Przed trzema laty byli oni gospodarzami poprzedniego Światowego Dnia Młodzieży w Rio de Janeiro. Nie tylko tym, którzy pojadą do Polski, towarzyszy ogromny entuzjazm, a także chęć poznania ojczyzny Jana Pawła II – mówi kard. Odilio Pedro Scherer, który uczestniczył w spotkaniach przygotowujących do ŚDM, a w Krakowie będzie głosił katechezy.
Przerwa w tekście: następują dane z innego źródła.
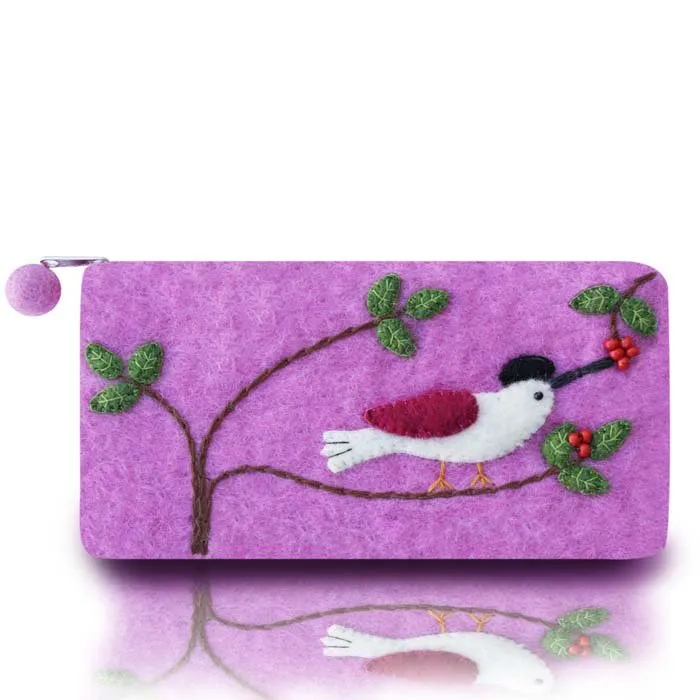 Bird on branch long coin purse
„Wśród młodych panuje ogromny entuzjazm. Przygotowują się do przeżywania Dni Młodzieży także na odległość. Będą śledzili najważniejsze wydarzenia w swych wspólnotach, ruchach, stowarzyszeniach i parafiach. Myślę, że także dla tych, co pozostaną na miejscu, będzie to ważne doświadczenie – mówi Radiu Watykańskiemu arcybiskup São Paulo. – W perspektywie miłosierdzia są ważne punkty odniesienia: sanktuarium w Łagiewnikach, postać Jana Pawła II, który był arcybiskupem Krakowa, a także wizyta w Auschwitz, gdzie tak wielu ludzi zabito i spalono w krematoriach. To jest wyraźny znak braku miłosierdzia, nieposzanowania praw człowieka i sprawiedliwości. Przede wszystkim jednak brak miłosierdzia prowadzi do zatwardziałości. Stąd też młodzi jadą tam, by usłyszeć wołanie o to, by mieli serca otwarte na miłosierdzie, które przekracza nawet prawo i sprawiedliwość. Miłosierdzie oznacza przekraczanie siebie, by stać się bliźnim dla ludzi będących w potrzebie”.